There is no tree in my house.  No decorations.  I will spend Christmas Eve at church for the morning service and the evening service.  That is how I want it.  I think this Christmas I may get out the box of cards I got when Kenny passed and read them one more time.  I have not opened that box since he died.  I may go through Mother's box also.  But who knows.  This may be the year I do something wild and crazy.  I do know that unless it snows, I will be taking a long walk along the ditch.  It is quiet there.

Surely we will talk again between now and then, but just in case, I am going to tell you

Merry Christmas and a Happy New year and grab all the happiness you can while you can!

Tuesday, August 9, 2016

Sad, Sad little dog!

It is apparent that my house is a flop house for all the animals.  Here you see Elvira who is on top of 2 pillows with her head down on the floor.  She appears to be defromed, but she is not.  She is just very damned lazy.
This shows Icarus up on the buffet and the visiting Woody on the bed down below.
Here is Icarus at her finest!
And Icarus and Daisy so tired they are sleeping on a bare, hard floor.  Where did I go wrong? 
I see people with animals all alert and protecting thier masters.  Not so around here.  The geese do occasionally honk, but even they can not be depended upon to rouse me in case of a crazed killer charging my property.  

Well, I guess they do hold the kids down!
And Daisy is good for a laugh!
Life is good.







Saturday, April 2, 2016

How many years ago was that?

I woke up this morning in a black 1949 Ford on my way to Jetmore, Kansas.  One kid in the front seat and 3 more in the back seat.  Going to go see Grandma Seeger.  Jesus!  How many years ago was that?  It must have been about 1968 or 1969.  I was newly separated  and it was my day off so I was trying to keep some sort of continuity in my life.  I had shaken the dust of Garden City, Kansas off my feet and was living in a 2 bedroom rented house near the Reformatory in Hutchinson.    Just off East Sherman but I do not remember the name of the street.  I doubt that it is still standing, because it was barely standing then.

The first thing that happened was when I called to have the gas turned on, they condemned the stove which was the sole heat source for the house.  That had to be fixed, of course.  Probably should have left the gas off as it turned out later to be a thorn in my side.  It was a constant battle to keep the kids from touching it and burning themselves.

I was working nights and sleeping very little.  I had done the laundry and not folded it yet so it was laying on my bed which was located on the back porch.  I set down in the front room for just a minute and fell sound asleep, only to be awoken to cries of "FIRE!"  Shit!  Debbie threw water on me and I was awake instantly!  Seems dear Sammy, turned the kitchen stove on and poked a piece of paper in the flame to see "What would happen?"  He did not want to burn his fingers so he threw the burning paper on my bed full of clothes.  Need I go into detail?  Of course I do.  I immediately began dousing the fire with water and finally had it out and no smoke was coming from it.  To be on the safe side, I drug the mattress into the back yard.  I called a friend of my brothers and he came and hauled it away.  I am not sure the landlord ever knew where his mattress went.

Smith!  That was the name of that street.  That was my baptism by fire into the world of single parent life.  The girl who lived across the street babysat for me.  She also babysat my only pair of jeans I liked.

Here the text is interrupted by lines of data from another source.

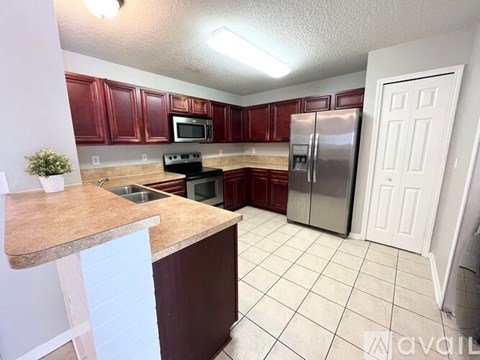 A kitchen with red cabinets and a white door.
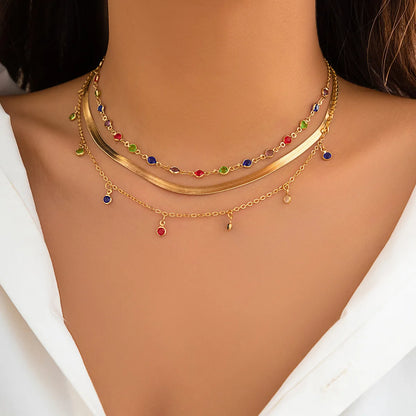 Layered necklace set featuring multi-strand chains with crystal pendants and rhinestones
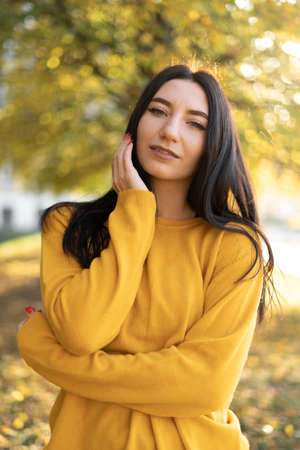 Beautiful woman in an orange sweater on a background of autumn foliage. Portrait of a joyful woman playing with leaves in the park in autumn.の写真素材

Remember that when I left my husband I weighed 92 pounds so I was considerably thinner than I am now.  Actually, there could be 2 of me now!  She also releived me of my class ring and my wedding rings.  That was also where the kids got ringworm.  Sam filled the gas tank on the Ford with sand.  The old $150 Chevy that I arrived in Hutchinson threw a rod and I bought a 1949 Ford from Jake's friend, Clell.

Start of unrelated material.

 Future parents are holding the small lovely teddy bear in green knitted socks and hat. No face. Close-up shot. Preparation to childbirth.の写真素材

You must know that back in those days, child support was optional and my husband opted out.  Welfare was there to help single mothers, but if you worked, they did not help you because you had an income.  Since I worked and could see no way to feed us if I quit, I never drew welfare.  No welfare, no alimony, no child support.  I must say part of the child support not coming was my fault.  My husband explained to me, as if I were a couple bricks short of a load, "You wanted the divorce.  I did not.  You have the kids.  I have nothing.  You should be paying me because you took them away from me."  And in my befuddled, insecure little mind, that all made good sense.

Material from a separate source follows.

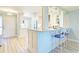 Modern kitchen with white cabinets, stainless steel appliances and breakfast bar at 1125 Edgewater Cir # 13 Sec 1, Bradenton, FL 34209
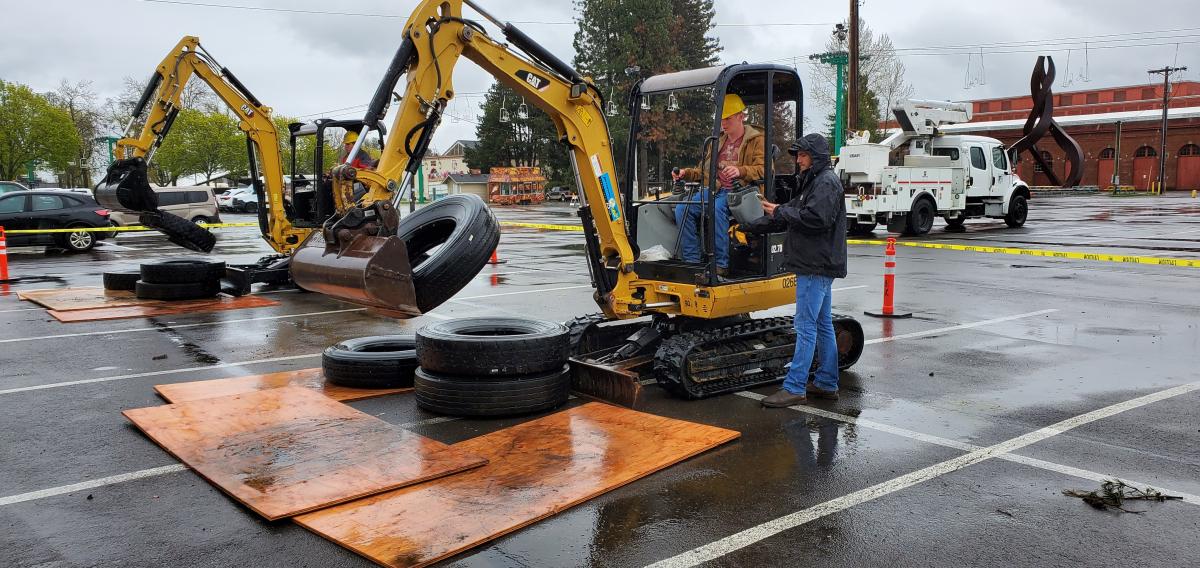 Senior Caedyn Laninga hoists tires with a backhoe under the direction of an experienced worker. Photo by Sherie Moran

After a time the roof began to leak and the landlord would not fix it so my mother let me move into her house over on 5th Street.  That also brought a change of employment and began my career as a cook at the Red Carpet Restuant.  The husband moved to Hutchinson and took a job at Cessna.  We reconciled for a week or so and then he left town because he "just could not do the boring existence thing."  Welcome child number 5 and a tubal ligation!

I dated a radio personality and learned to decorate wedding cakes.  The radio guy turned out to be a real jerk but the cake decorating turned into a fairly lucrative part time job.  I dated a guitar picker and learned how to sing country!  When Christmas time came, his mom gave me 3 pairs of cotton underwear.  Never really got over that and so much like Glen Campbell or Hank Williams, I moved on.  Then  I found out just how good booze could be and it could always be depended on to see me through the rough patches.

And now I dream about those days.  When I was there it was a constant battle and there were times I wondered if I would survive.  There were days and nights when putting one foot in front of the other was the only hope I had.  Just one more day.  One more night.

Got to end this here because I am starting to feel sorry for myself and I do not want to do that.  That is how life becomes unbearable.  Just gotta keep my shoulder to the wheel, my eye on the prize and take it one day at a time.

Click to play



Monday, January 18, 2016

Hand washing dishes may be an art!

I like to fill the sink with dirty dishes and then run it full of warm/hot water and put in a squirt of Ivory .  I can then plunge my hands into that and look out my back window at my domain while I wash the dishes, rinse them and put them in the drainer.  But my mind is never still and this morning it flashed back to Plevna and I heard Mrs. Crawford explaining the fine art of washing dishes correctly.

"Be sure that all the dishes are scraped and piled before you begin.  You will pile them in the order they are to be washed.  Glassware first, then silver, then plates, followed by the cooking utensils.  Each item will be rinsed in your tub of very hot water."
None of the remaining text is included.